Carmen Lefevre of Northumbria University poses the following explanation: “The idea is that our biology, like genes and hormone levels, influences our growth, and the same mechanisms will also shape our character.”
So, even with your stone cold poker face, these studies may reveal a surprising amount about your true character!
Facial Width Signals Dominance
When it comes to facial bone structure, it’s relatively easy to distinguish between short and wide or long or thin. Interestingly, research has found these may reflect hormonal balance. Wider-faced individuals with large cheekbones commonly have higher testosterone than those with long and thin structures.

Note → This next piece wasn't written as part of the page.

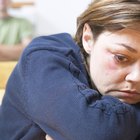 Sad woman thinking on couch after fight with husband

These raised testosterone levels can also be attributed to assertive and sometimes, aggressive personality types. What’s more, wider faces may even be less trustworthy! One study of hockey players found grounds that wider-faced individuals were more likely to cheat and spent more time in penalty boxes!
Wider facial structure and dominance has even been seen across different species. For example, Capuchin monkeys with wider faces are naturally found higher in the hierarchy of their groups.
If you’re curious to calculate yours, measure the distance from ear to ear then compare it to the distance from your upper lip to the top of your eyes. As a general guideline, the average width to height ratio is approximately 2.
The Truth Behind the Eyes
Many consider the eyes to be the window into our souls, and as it turns out, they can provide an interesting insight.
Since everyone’s eyes are so vastly different, the scientists from Orebro University chose to investigate the connection between iris patterns and personality types. During their study, there was a noteworthy finding involving the eye’s crypts (the small clusters around the pupils).
They discovered that those with densely packed the crypts were most likely to have a warmer, more trustworthy personality types. However, those with less tightly contracted crypts were more likely to have neurotic personalities.
There has also been a number of fascinating findings related to the colors of eyes. Specifically, darker hues are caused by higher concentrations of melanin, which can affect brain functions.
Having higher melanin levels is believed indicate increased connections between brain cells, resulting in greater efficiency. Supporting studies found even found that darker eyed individuals had faster reaction speeds!
Further studies found browned-eye people were more sensitive to alcohol consumption than lighter colors. This could explain how you can drink your darker-eyed friends under the table so easily!
Noses Could Mark Leaders
The Journal of Craniofacial Surgery published a study in 2013 that found a correlation between nose size and personality types. It appears that the connective tissue and bone structure of our noses may reflect the natural born leaders among us!
Individuals with larger noses were more like to have more confident, self-reliant and ambitious personalities. They were less likely to let their emotions get the better of them and faster at thinking on their feet. All of which are hallmark characteristics of leaders.
But it’s not just about size, the tip of the nose also has a story to tell. Participants with neutral nose tips, neither sharp nor round, were seen to have the most endearing personality types, more mild-tempered and sweeter.
Evidently, our genes and hormones do greatly influence tendencies and facial features. But before you get too caught up in the science, remember the fact we are not merely products of biology. Our true personalities are defined as we choose to cultivate them!